Why is the 'auto' keyword useful for compiler writers in C?

5.7k Views Asked by At

I'm currently reading "Expert C Programming - Deep C Secrets", and just came across this:

The storage class specifier auto is never needed. It is mostly meaningful to a compiler-writer making an entry in a symbol table — it says "this storage is automatically allocated on entering the block" (as opposed to statically allocated at compiletime, or dynamically allocated on the heap). auto is pretty much meaningless to all other programmers, since it can only be used inside a function, but data declarations in a function have this attribute by default.

I saw that someone asked about the same thing here, but they don't have any answer and the link given in comments only explains why there's such a keyword in C, inherited from B, and the differences with C++11 or pre-C++11.

I'm posting anyway to focus on the part stating that the auto keyword is somehow useful in compiler writing, but what is the idea nor the connection with a symbol table?

I really insist on the fact that I ask only about a potential usage when programming a compiler in C (not coding a C compiler).

To clarify, I asked this question because I'd like to know if there's an example of code where auto can be justified, because the author stated there would be, when writing compilers.

Here the whole point is that I think to have understood auto (inherited from B, where it was mandatory, but useless in C), but I can't imagine any example when using it is useful (or at least not useless).

It really seems that there isn't any reason at all to use auto, but is there any old source code or something like that corresponding to the quoted statements?

5

There are 5 best solutions below

5
On BEST ANSWER

Author answer: I just emailed Mr Van der Linden, and here is what he said:

Yes, I agree with the people who answered on stack overflow.
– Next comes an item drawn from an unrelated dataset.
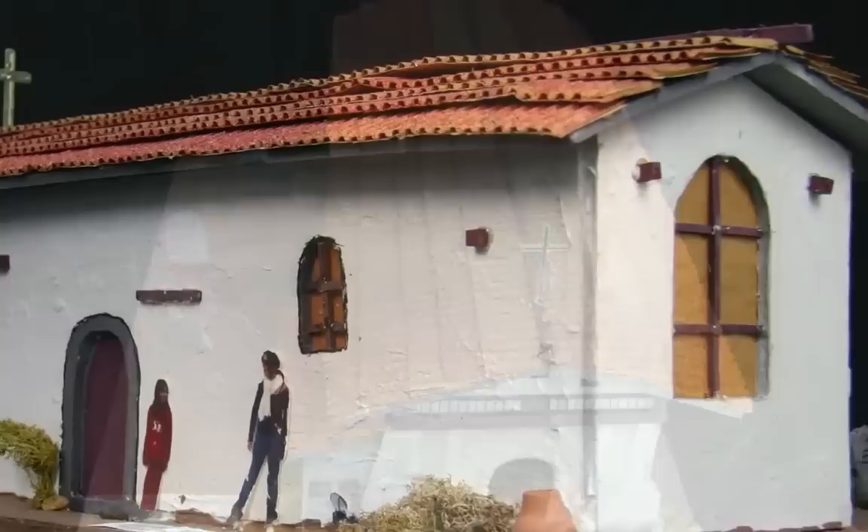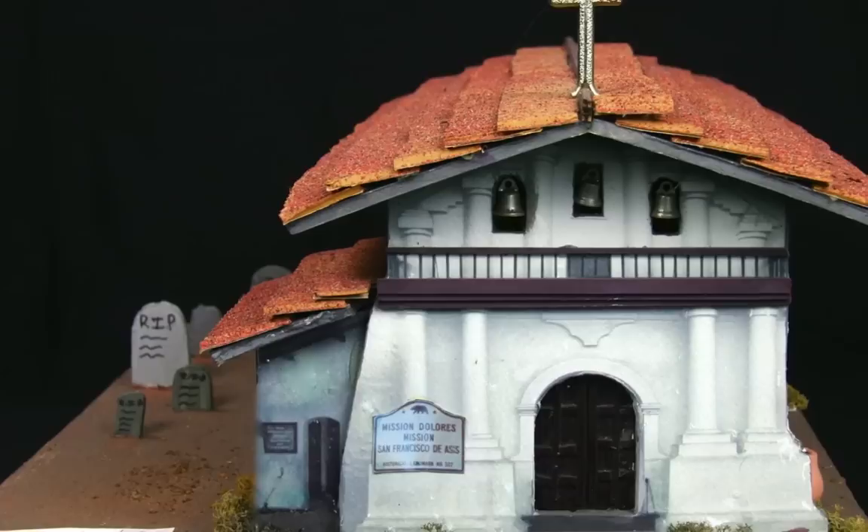This is a picture of the model that I built. It's made out of balsa wood and foam core. There's fake grass, and there's the actual picture of the real mission glued onto the front of my model to make it look more authentic.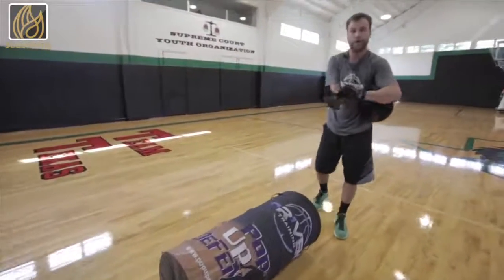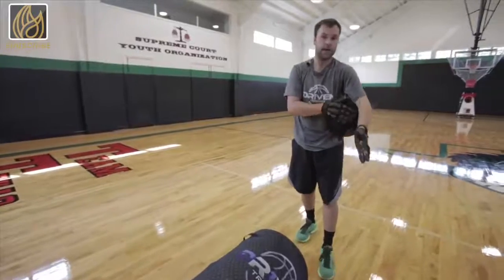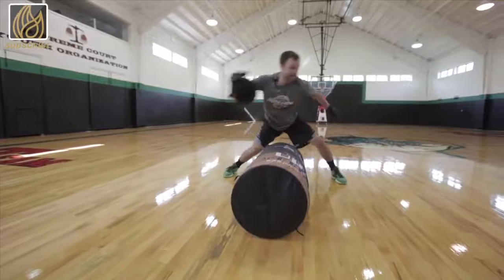Working on ball control again with the power hands and the ball wrap. While working on this drill, make sure you're staying low and keeping your eyes up.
I don't know for certain, because I never used the language B, but it seems highly plausible to me that "auto" ended up in C because it was in B.

Even when I was professionally kernel and compiler programming in C in the 1980's, I never saw any code that I can recall that used "auto".
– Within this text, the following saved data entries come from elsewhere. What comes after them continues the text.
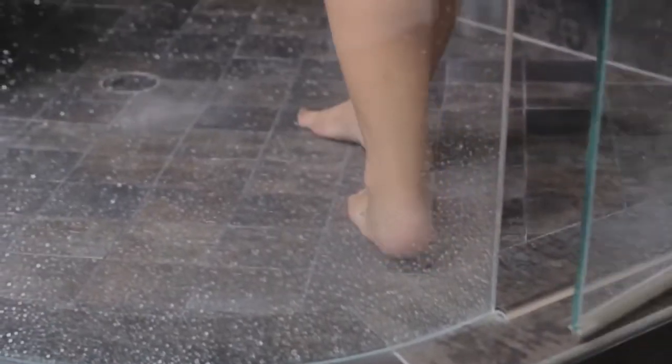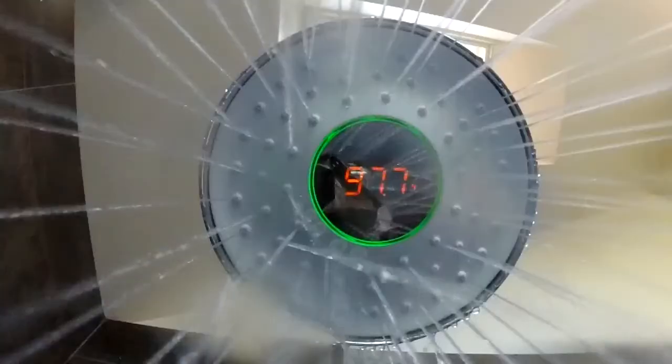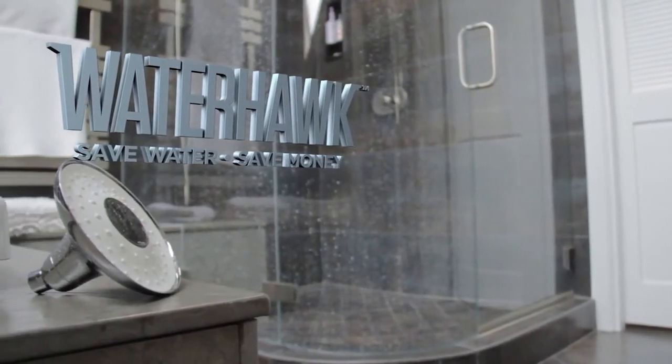People want to make a difference decreasing their water use, but they want easy, accurate solutions. The Waterhawk is the first showerhead on the market to do just that — make it simple while making a difference.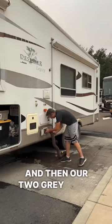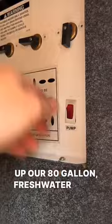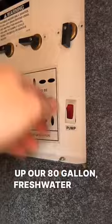Not all dump stations provide potable water, but this one does, so we filled up our 80-gallon fresh water tank, which depending on the water pressure can take quite a while. Then when we're finished, Joseph puts away that hose, washes his hands, and we're on our way to our next camping spot.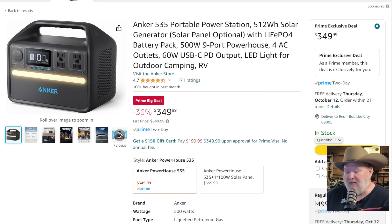Next we've got the Anker 535 — this is their 512 watt-hour unit, a significant step up. This is going to be like overnight camping, or an extended day at the beach. It's got four 110s, three USB-As, one USB-C, and the only light bar I will accept on any of these — nice, soft ambient light. Also has a cigarette lighter and a good display. On sale from $550 down to $350, and you're getting LiFePO4 batteries — meeting all the requirements there, other than the handle on top.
The key takeaway is that the auto keyword doesn't add any extra information, and thus is redundant and unneeded. It was a mistake to bring it into C!

I also asked for some explanation about what he meant by speaking about compiler writing and symbol table. Here is his response:

Say you are writing a compiler that will translate C source code into linker objects (object files that can be linked).
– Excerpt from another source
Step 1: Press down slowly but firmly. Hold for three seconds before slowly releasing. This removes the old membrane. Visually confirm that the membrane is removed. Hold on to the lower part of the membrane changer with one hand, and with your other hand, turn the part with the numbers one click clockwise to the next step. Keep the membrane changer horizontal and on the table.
Whenever your lexer (front end of the compiler) finds a sequence of characters that form a user-defined symbol (might be a variable, might be a function name, might be a constant, etc), the compiler will store that name in a table called the "symbol table". It will also store everything else it knows about the symbol - if it is a variable, it will store its type, if a constant it will store the value, if a function it will note that it can be invoked, etc etc. It will also store the scope of the name (the lines of code in which this symbol is known). The symbol table is one of the core data structures of a compiler, and some of it is carried forward into the object file. The object file needs to know any names that are to be addressable by external code objects, so the linker can associate them the use of a name with the object in which it is stored.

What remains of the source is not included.